The NCRA keeps focusing on the drought of record, the 1951 drought, and the 600,000 acre feet record low recorded then.  But this comparison is absurd.  In 1950 Austins population was 132,000.  The current population is 843,000, a 6.38 times increase, and water usage per capital was much lower that today's 168 gallons per person/day, and we didn't have water hog industries like chip fabrication plants. So even with a record low 600,000 acre-feet, Austin was still years away from running dry.  Our yearly usage is 400,000 acre-feet, and even if we ignore the higher usage per person and our water hog industries, the folks in 1951 used 1/6.38 times as much water, or 62,700 acre-feet per year.  Dividing the 600,000 acre-feet historical low by 62,700 gives 9.57 years until the would have run dry.  Figure in the much lower usage per person and the water hog industries, the actual number was close to 20 years before the would run dry.

Today is TOTALLY DIFFERENT CIRCUMSTANCE.  The governments posting now has our reservoirs at 35% full after the recent mid October rains, but one of the two reservoirs has been visibly empty for a year and a half.  So even if they are telling the truth about Lake Buchanan, there cannot possibly be but half that amount.  Yes, Buchanan holds more water that Travis, but their inflow areas are about the same size so they both suffer or benefit from decreased inflows or increased inflows about the same. January through September, the inflow were only 13% of normal, almost as low as the record 2011 of 11% of normal.  So the idea that Buchanan has not lost water as our usage remains the same, and FOR AT LEAST 18 MONTHS BUCHANAN HAS BEEN THE ONLY RESERVOIR TO DRAW WATER FROM, since Travis is empty, is absurd.  You think the same government that tells us the bald face lie that Travis is 30% of capacity, is going to tell the truth about Buchanin???The Perry administration is either a bunch of fools or they are playing us for a bunch of fools. Matters not, the raw truth of the numbers is the same.

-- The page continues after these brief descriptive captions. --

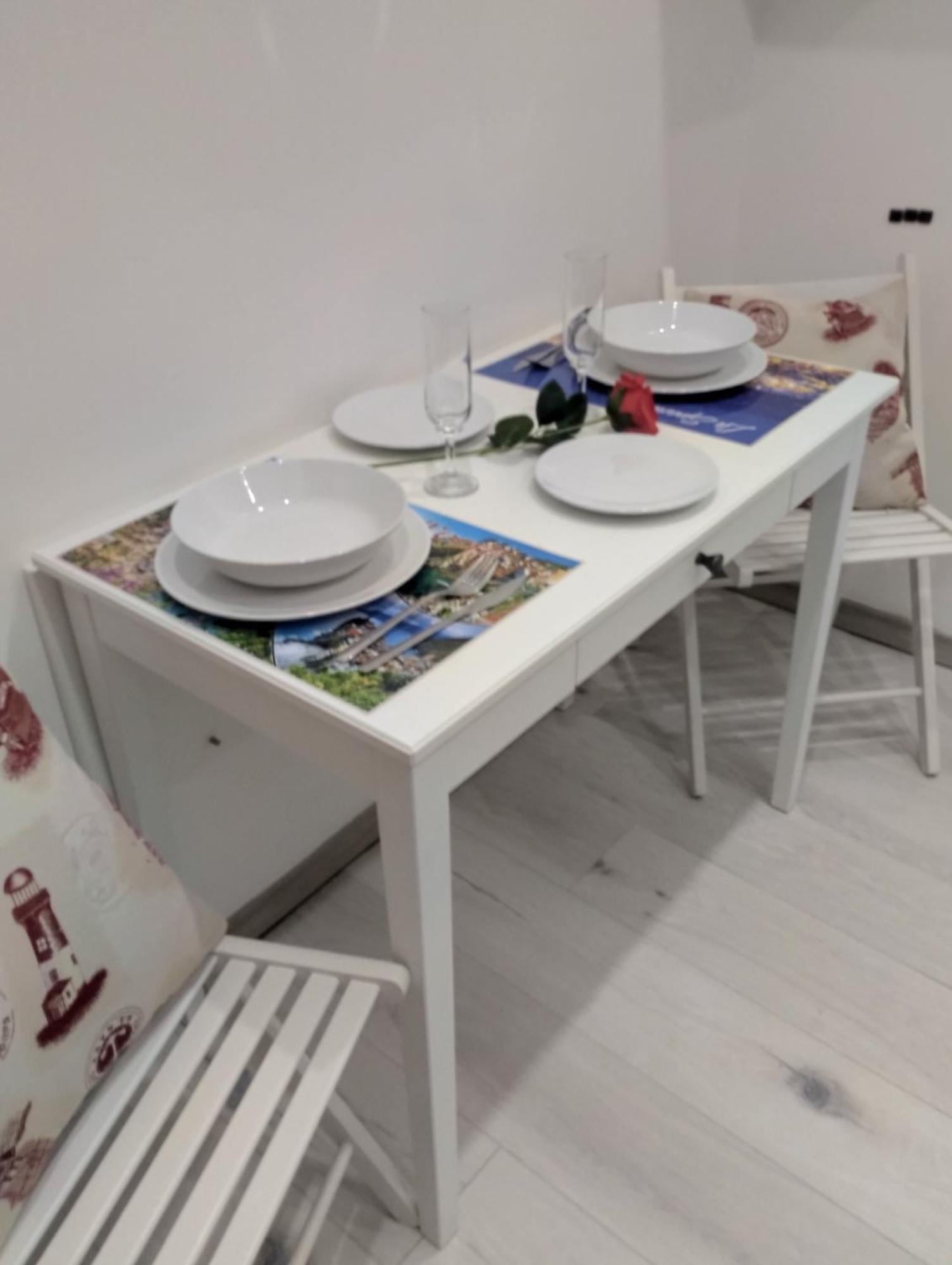 Casa Vacanze Andrea La Tua Base Per Visitare Il Mare Delle Cinque Terre Lägenhet La Spezia Exteriör bild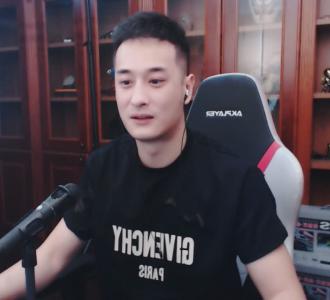 九局竟是球球富二代绯闻男友?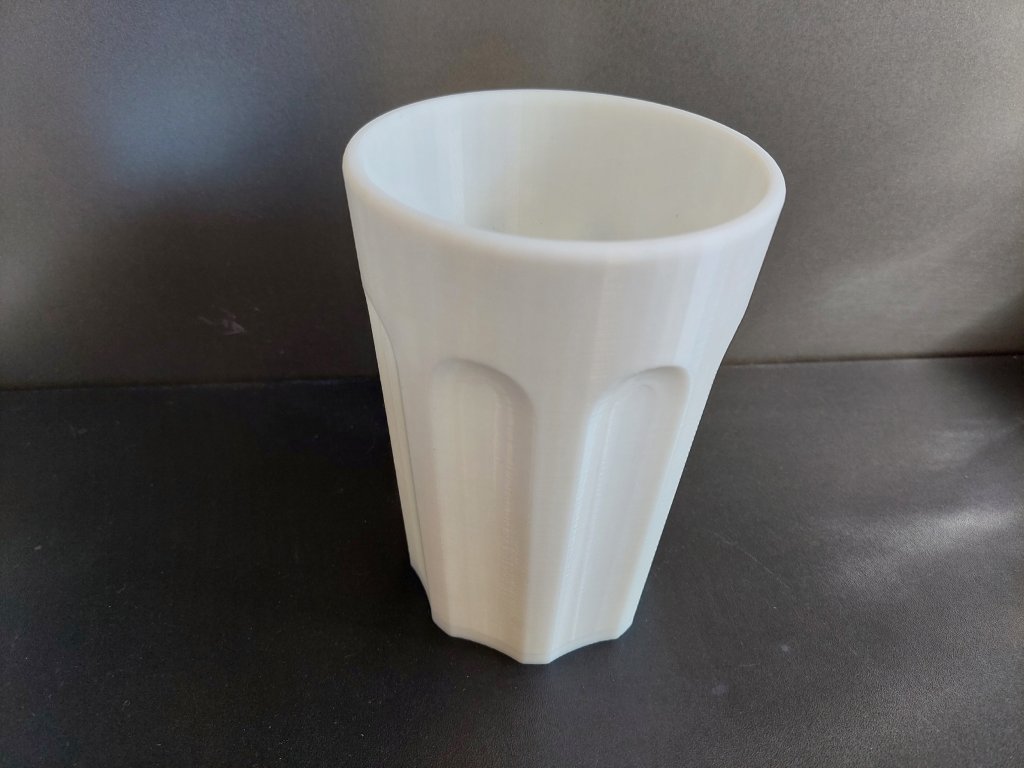 Kelímek Oktagon PLA bílý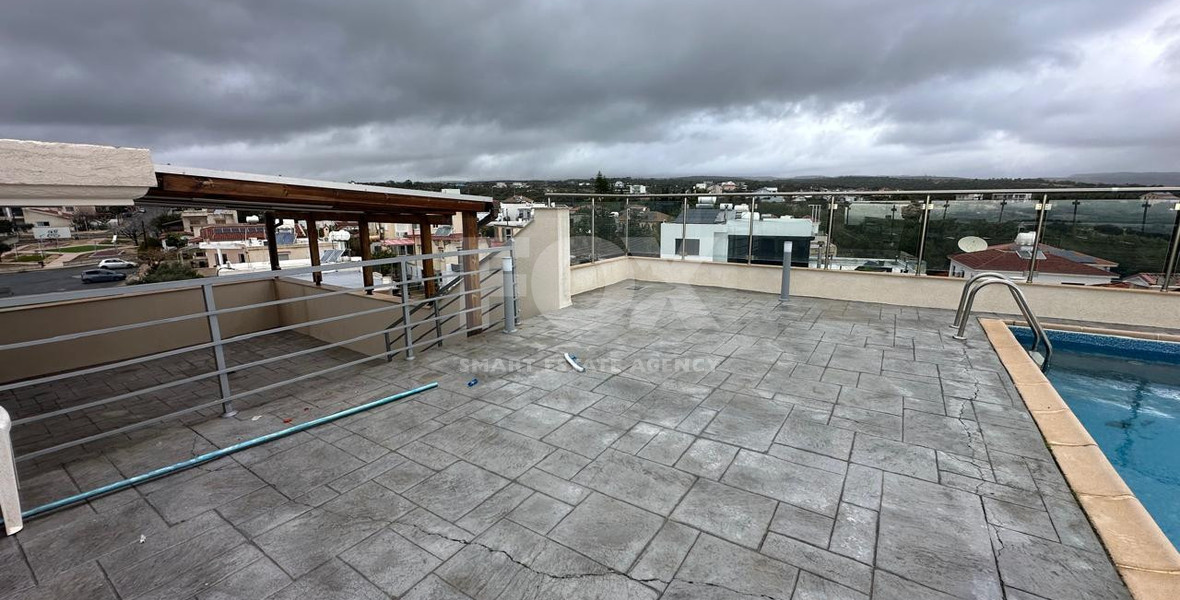 Luxury Three-Bedroom Penthouse for Rent – Episkopi
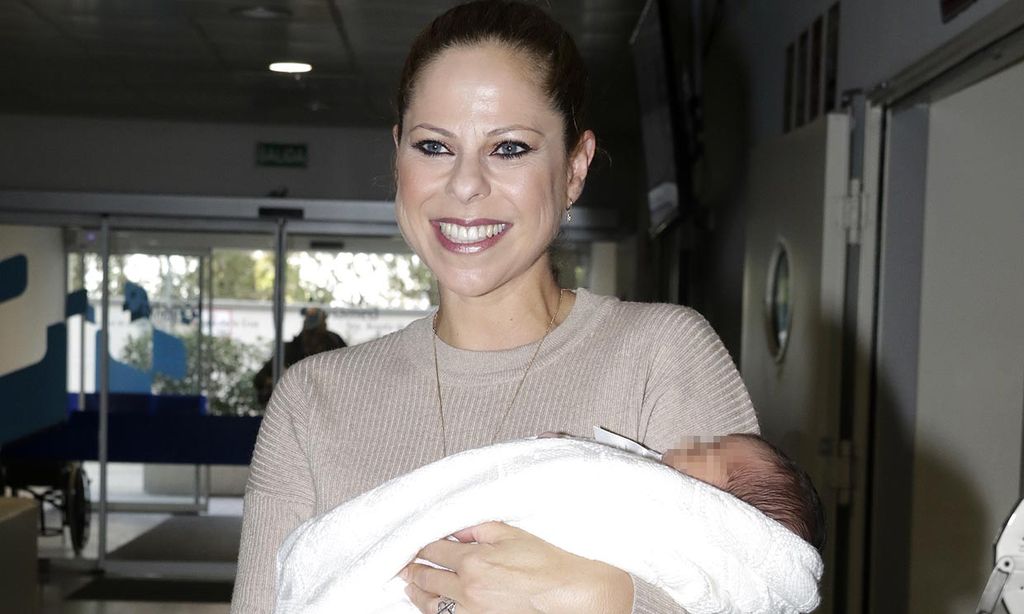Pastora Soler se va a casa con su segunda hija, Vega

Since, the most water that we can posssible have in reserve is 700,000 acre-feet (today's current lie); half of that is 350,000 acre-feet.  Less that one years average usage, which is going up and there is no sign anywhere of any conservation to counter that. In fact, with people still moving here by the tens of thousands every year (2011 had 26,000 people move into Travis County)  housing is being built as fast as the developers can slap it together.  There is also no effort by any level of government to enforce state laws dictating conservation measures.

Now if there is only 60% of what the government says, not a far fetched deception for a government that says an empty pit is 30% full, that means that there 0.60 x 350,000 = 210,000 acre-feet.  This is only 6 months of water before we run dry.  Considering the bottom 10% is too full of sediment to be useable, the number drops to less than 6 mos.  Not even enough time to plan an orderly migration, IF ANY ORGANIZATION SHOWED ANY INTEREST IN DOING THAT, WHICH THEY DON'T.  NOT A GOVERNMENT AGENCY AT ANY LEVEL HAS ANY PLAN, OR EVEN A PLAN TO MAKE A PLAN AT THE PRESENT. So, it's every citizen for himself, which will mean a panic sickened anarchy when we suddenly run dry.

I see neighbors installing solar panels; but those are near useless in the scenario I describe.